Provided records Start Marker

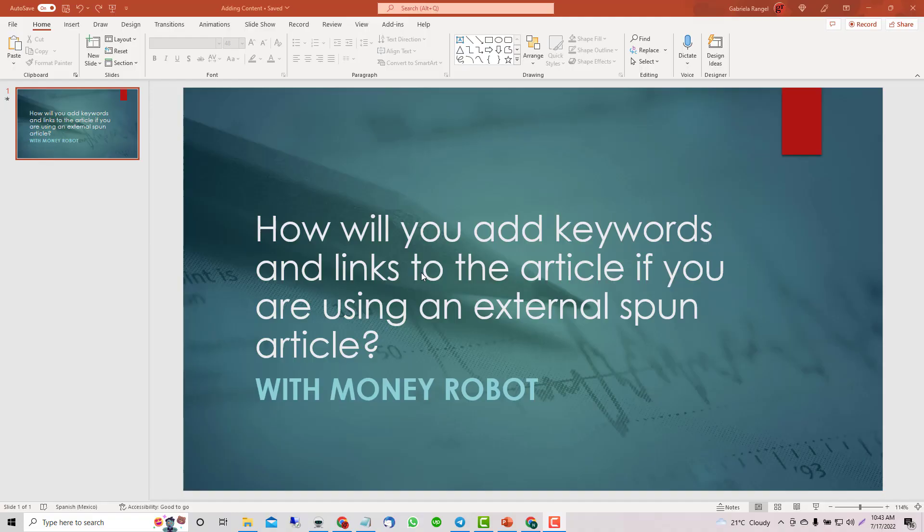Hi there, this is Gabriela. This is a really good question left in the comment area on our videos — about how to add keywords and links inside your own article, the article you create.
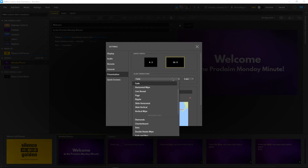Remember, transitions tie each part of our presentation together — from the warm-up, to the songs, to the sermon. We don't want to distract our viewers, but we want to create an aesthetic experience as we move through the service.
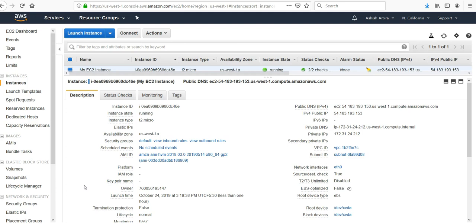We will pass a shell script that updates the EC2 instance, installs and starts Apache. Lastly we will use the check config command to ensure that the Apache server is started whenever the instance starts.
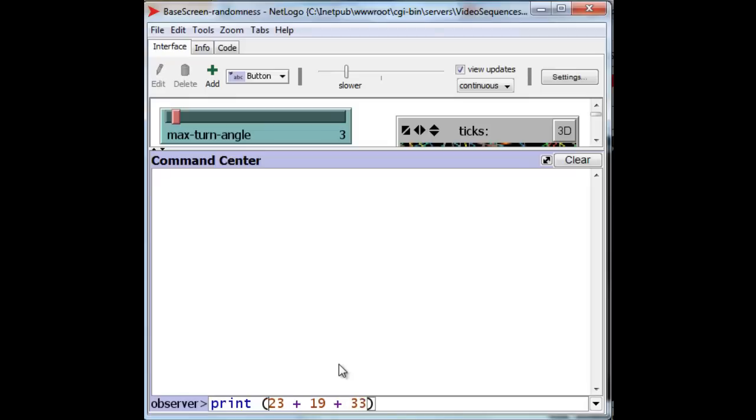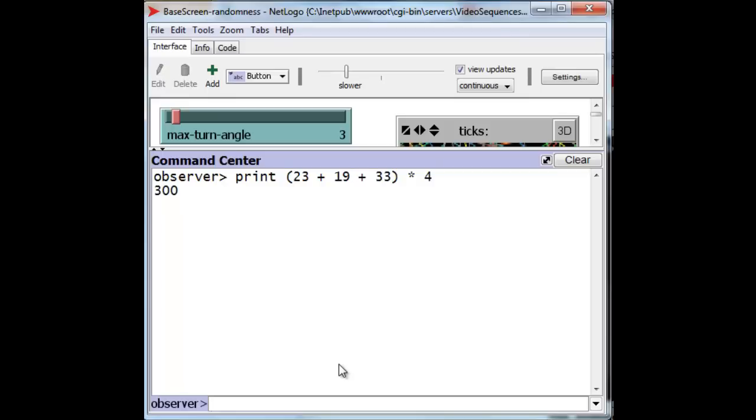Let's group them, and we multiply that by 4, and we should get 300. It is because the sum of 23, 19, and 33 is 75, and that times 4 is 300.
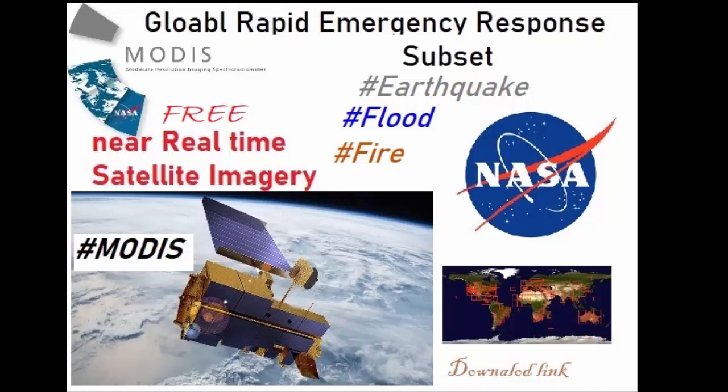Hello and assalamu alaikum, it's Shiraz. Welcome to my channel. In today's video, I will show you how to obtain near real-time satellite imagery for various applications like flooding, fire events, and earthquake events.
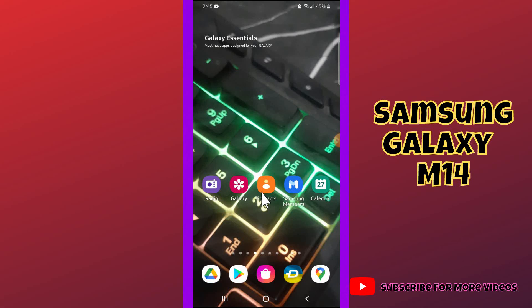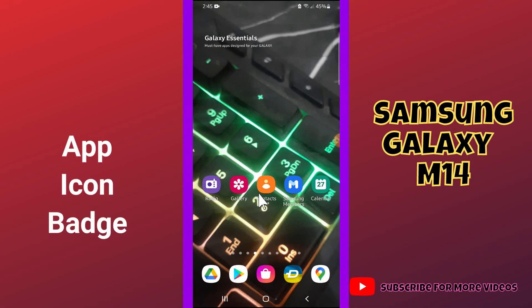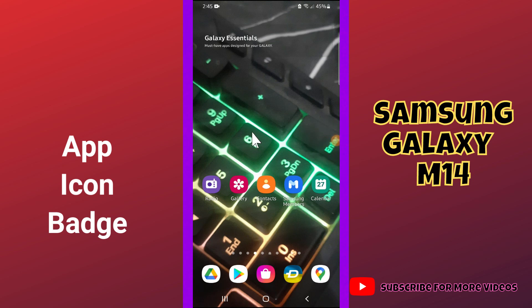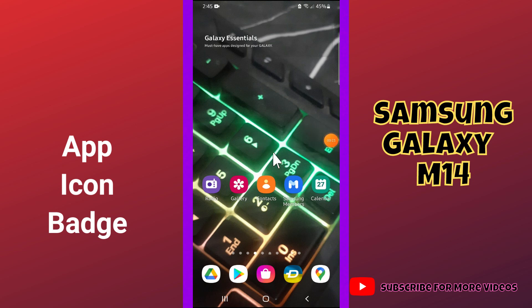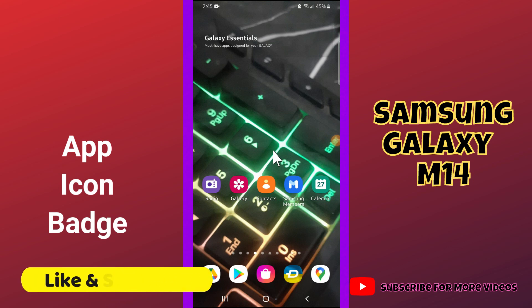Hi guys, welcome back to my YouTube channel. In today's video, I'll be sharing with you all about the app icon badges of your device, Samsung M14. But before we talk about that, don't forget to hit the red subscribe button and the bell icon to stay updated. To learn about the app icon badges of your device, watch this complete video.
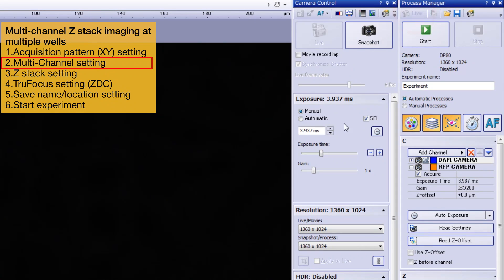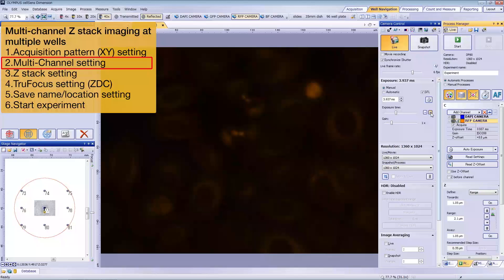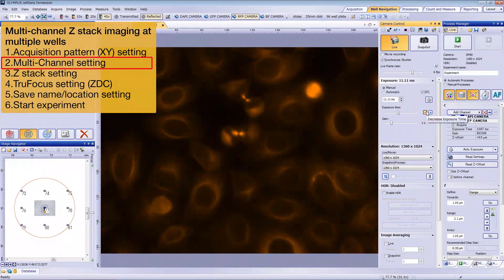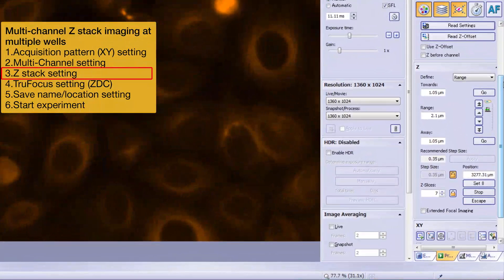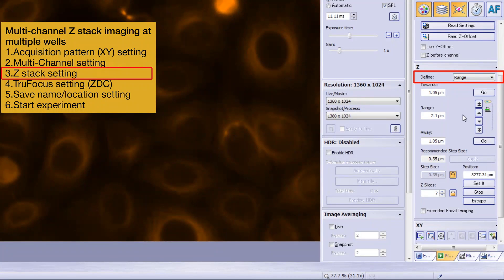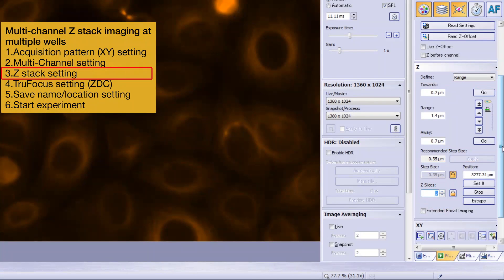Start live and adjust the focus and exposure time. Click Read Setting to register the current exposure time. Repeat this for the RFP channel, then click Read Settings. Stop live and we'll adjust the Z-Stack settings. Select Range to acquire a Z-Stack centered on the current Z position. The optimal step size can be calculated using the theoretical optical Z resolution. Click to apply the recommended step size, lock the step size, and then decide the number of Z slices — let's set it to 5. Checking Z Before Channel can shorten the acquisition time by reducing the number of filter turret rotations.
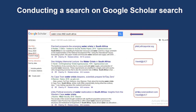You can search material on Google Scholar by typing in your keywords, topic, article title, book title, or author details in the search box. Your results will be displayed by relevance. For more recent publications, you can use the custom range option which will allow you to tweak your results by date.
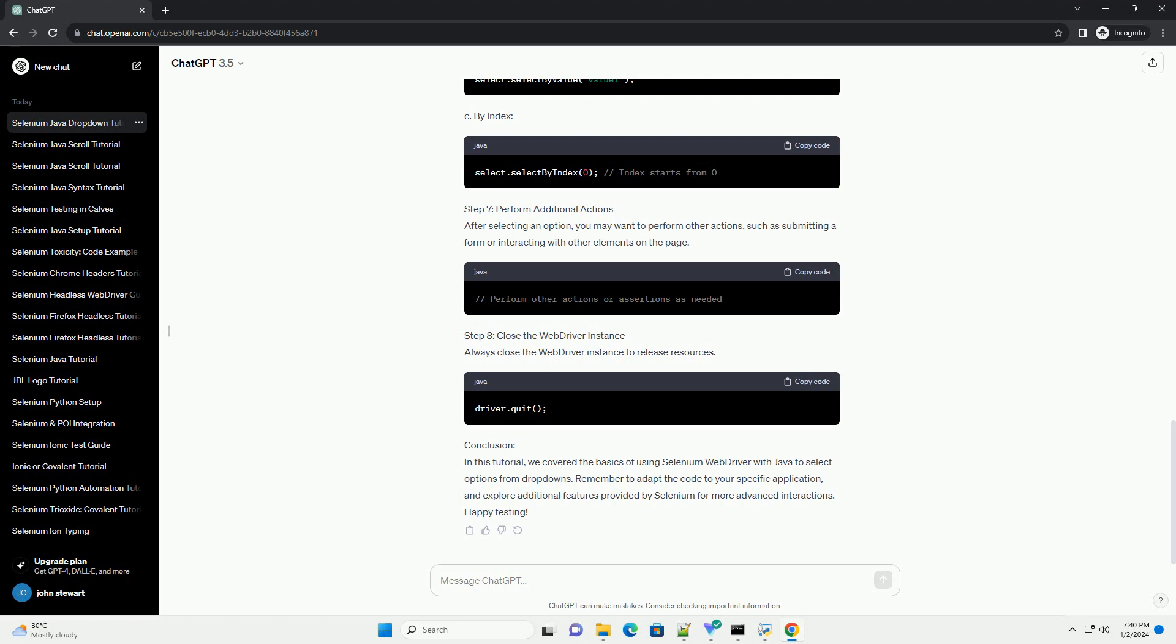Step 6, select options by visible text, value, or index. Now, you can select options from the drop-down using various methods. A. By visible text. B. By value. C. By index.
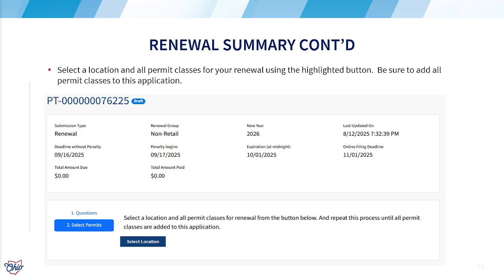Just a reminder: if you have multiple locations, this process must be completed for each location.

Provided records End Marker

Exact copy, pictures excluded: from the line with "Remember, transitions tie" up to and including the line with "We will pass" in the data above.

> Output for this exercise
Remember, transitions tie each part of our presentation together — from the warm-up, to the songs, to the sermon. We don't want to distract our viewers, but we want to create an aesthetic experience as we move through the service.
We will pass a shell script that updates the EC2 instance, installs and starts Apache. Lastly we will use the check config command to ensure that the Apache server is started whenever the instance starts.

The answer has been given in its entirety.